Tuesday, June 1, 2010

The Australian government has introduced legislation into parliament that will amend the definition of a managed investment trust (MIT) for access to withholding tax concessions, to more closely align the definition used across different parts of the tax law.

The legislation follows the government's comprehensive overhaul of the MIT regime through the development of a new tax system for MITs to start in July 2011; the passage of legislation to allow MITs to make an election to be treated on capital account; and the significant reductions in certain MIT withholding rates from 30% to 7.5% by 2010-11.

The latest reform follows extensive consultation with industry on earlier draft legislation. "These changes will better align the definition of an MIT across the relevant tax laws,” Assistant Treasurer, Nick Sherry, said, “but will also, subject to appropriate integrity measures, see wider access to MIT concessions for certain wholesale trusts, including certain domestic private equity entities."

The new definition of an MIT will apply for both withholding tax and the capital account election, and additionally includes the ability, for the first time, for wholesale unregistered managed investment schemes and government-owned managed investment schemes, commonly referred to as wholesale funds, to be treated as a MIT.

There will be a reduced membership rule threshold for these wholesale funds, with the minimum number of members required to meet the MIT definition falling from 50 to 30; and a special rule for counting the number of members that can be attributed to holdings by superannuation funds and specific other collective investment vehicles to determine whether the wholesale fund is widely held.

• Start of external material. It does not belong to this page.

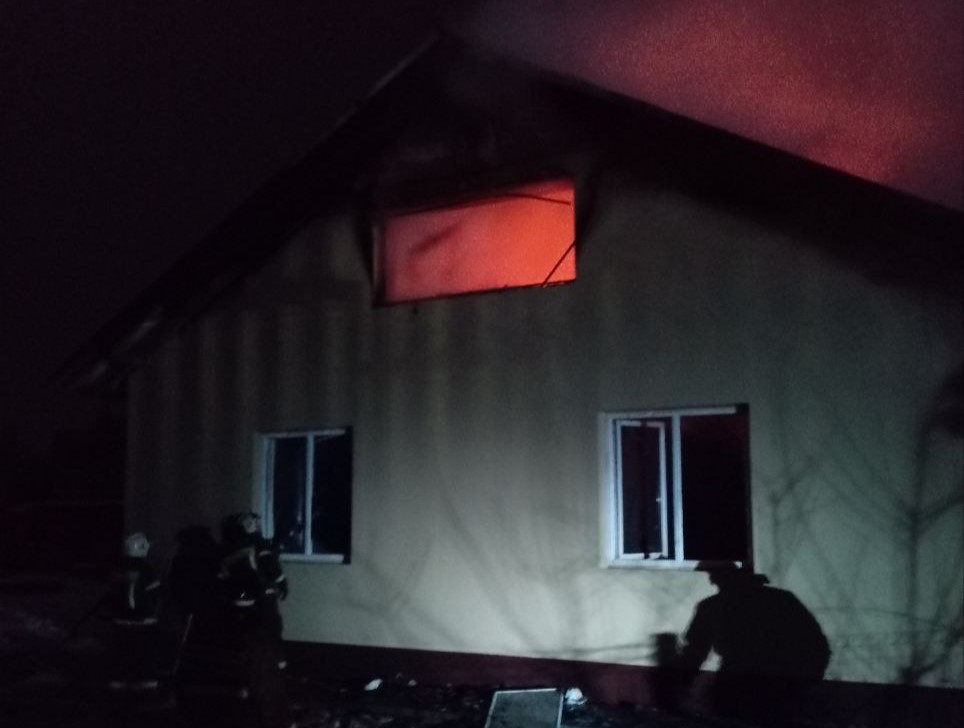 Ночью в Волжском районе горел частный дом на площади 100 квадратных метров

A greater flexibility for MITs will be allowed to apply an alternative test to the widely held test during start-up and wind-down phases, to better reflect the fact that MITs may have certain different characteristics during those phases.

"This package of changes will ensure access to the new MIT regime for a range of trusts that were previously either excluded or whose access was in question," the Assistant Treasurer added. "This will help to simplify tax laws and reduce compliance costs for the managed funds industry."

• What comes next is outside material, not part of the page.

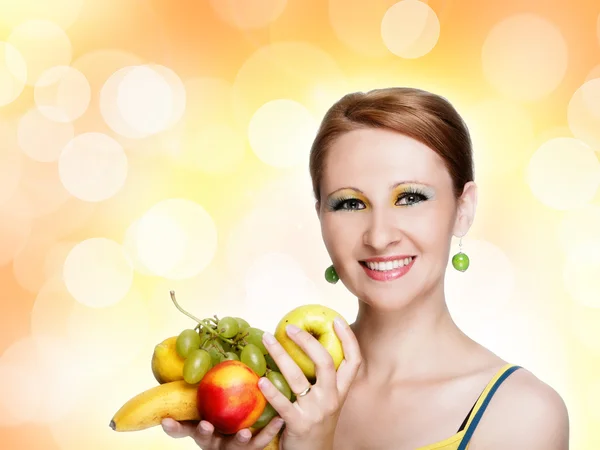 Молода біла жінка тримає фрукти — стокове фото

The new legislation also contains a number of integrity measures aimed at ensuring access to the MIT withholding tax arrangements and capital account election rules is focused on trusts that are appropriately widely held collective investment vehicles carrying on passive investment activities.

As such, the new definition includes a requirement that a retail MIT be either a listed trust or have 50 or more members to qualify as a widely held MIT, and that those 50 members be direct members of that retail MIT rather than traced members of investors in the retail MIT.

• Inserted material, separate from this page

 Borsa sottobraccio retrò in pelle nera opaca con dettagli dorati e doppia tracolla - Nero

In addition, there will be a cap on individual foreign resident ownership of no more than 10% of the fund to be applied as a requirement to qualify as an MIT, together with a requirement that the fund is only engaged in passive investment activities – broadly that it is not a trading trust.

Furthermore, to support the Australian funds management industry, the new definition includes a requirement, for MIT withholding tax purposes, that the investment management activities of the fund are carried out in Australia.

There are transitional arrangements in that the legislation includes a special rule so that these changes to the definition of an MIT will not unfairly disadvantage existing investors and funds that qualified as MITs for withholding tax purposes prior to these changes. Such funds will still be able to qualify as MITs for withholding tax purposes for the next five years.

"Overall the amendments introduced today will support the Australian funds management industry and further boost Australia's ability to attract and retain foreign capital," Sherry concluded.